▶ **YOUR INSTRUCTIONS**
Report every line from the following entries that contains the string "Polo".

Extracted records
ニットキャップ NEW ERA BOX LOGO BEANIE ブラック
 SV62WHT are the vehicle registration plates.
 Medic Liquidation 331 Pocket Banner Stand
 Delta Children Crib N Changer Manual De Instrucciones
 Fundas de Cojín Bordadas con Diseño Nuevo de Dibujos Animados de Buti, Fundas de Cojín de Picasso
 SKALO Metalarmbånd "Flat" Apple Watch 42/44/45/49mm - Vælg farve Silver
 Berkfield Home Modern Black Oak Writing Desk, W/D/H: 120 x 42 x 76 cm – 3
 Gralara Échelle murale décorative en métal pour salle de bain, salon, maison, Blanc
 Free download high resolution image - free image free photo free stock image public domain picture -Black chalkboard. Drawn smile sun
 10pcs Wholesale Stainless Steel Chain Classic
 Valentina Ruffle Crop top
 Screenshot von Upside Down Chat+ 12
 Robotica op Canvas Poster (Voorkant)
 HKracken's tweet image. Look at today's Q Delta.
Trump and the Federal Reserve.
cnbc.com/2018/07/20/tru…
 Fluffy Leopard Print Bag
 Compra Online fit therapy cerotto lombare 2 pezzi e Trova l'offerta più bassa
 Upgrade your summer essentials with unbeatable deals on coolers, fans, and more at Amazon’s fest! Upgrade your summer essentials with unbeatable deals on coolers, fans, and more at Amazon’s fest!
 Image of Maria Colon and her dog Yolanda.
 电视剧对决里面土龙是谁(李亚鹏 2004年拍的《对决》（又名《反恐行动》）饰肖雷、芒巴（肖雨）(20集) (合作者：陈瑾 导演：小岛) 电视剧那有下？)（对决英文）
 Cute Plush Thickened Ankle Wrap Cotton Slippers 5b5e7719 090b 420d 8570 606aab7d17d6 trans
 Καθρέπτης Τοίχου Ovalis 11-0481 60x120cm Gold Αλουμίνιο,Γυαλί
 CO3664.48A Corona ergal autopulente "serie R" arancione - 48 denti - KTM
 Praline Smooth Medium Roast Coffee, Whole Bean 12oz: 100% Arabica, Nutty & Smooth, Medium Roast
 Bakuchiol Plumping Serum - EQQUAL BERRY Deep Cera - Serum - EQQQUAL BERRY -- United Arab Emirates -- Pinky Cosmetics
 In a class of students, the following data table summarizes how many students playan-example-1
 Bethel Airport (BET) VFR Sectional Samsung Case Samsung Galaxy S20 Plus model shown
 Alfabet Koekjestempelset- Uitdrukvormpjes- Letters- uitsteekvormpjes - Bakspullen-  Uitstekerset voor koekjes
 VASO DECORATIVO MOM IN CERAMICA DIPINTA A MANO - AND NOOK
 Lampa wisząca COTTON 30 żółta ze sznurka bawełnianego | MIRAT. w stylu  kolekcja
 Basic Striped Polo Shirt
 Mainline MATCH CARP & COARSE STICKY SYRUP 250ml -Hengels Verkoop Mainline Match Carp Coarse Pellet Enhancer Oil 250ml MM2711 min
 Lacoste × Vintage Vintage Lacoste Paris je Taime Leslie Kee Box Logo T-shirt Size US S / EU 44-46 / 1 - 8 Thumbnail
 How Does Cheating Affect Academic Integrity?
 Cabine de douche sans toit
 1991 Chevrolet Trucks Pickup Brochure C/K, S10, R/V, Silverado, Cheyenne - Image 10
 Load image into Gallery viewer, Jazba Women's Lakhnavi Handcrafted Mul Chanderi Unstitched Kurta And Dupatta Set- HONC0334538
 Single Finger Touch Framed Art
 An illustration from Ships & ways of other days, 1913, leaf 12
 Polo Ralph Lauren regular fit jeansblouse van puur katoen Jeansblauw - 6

▶ **SOLUTION FOR THIS PROBLEM**
 Basic Striped Polo Shirt
 Polo Ralph Lauren regular fit jeansblouse van puur katoen Jeansblauw - 6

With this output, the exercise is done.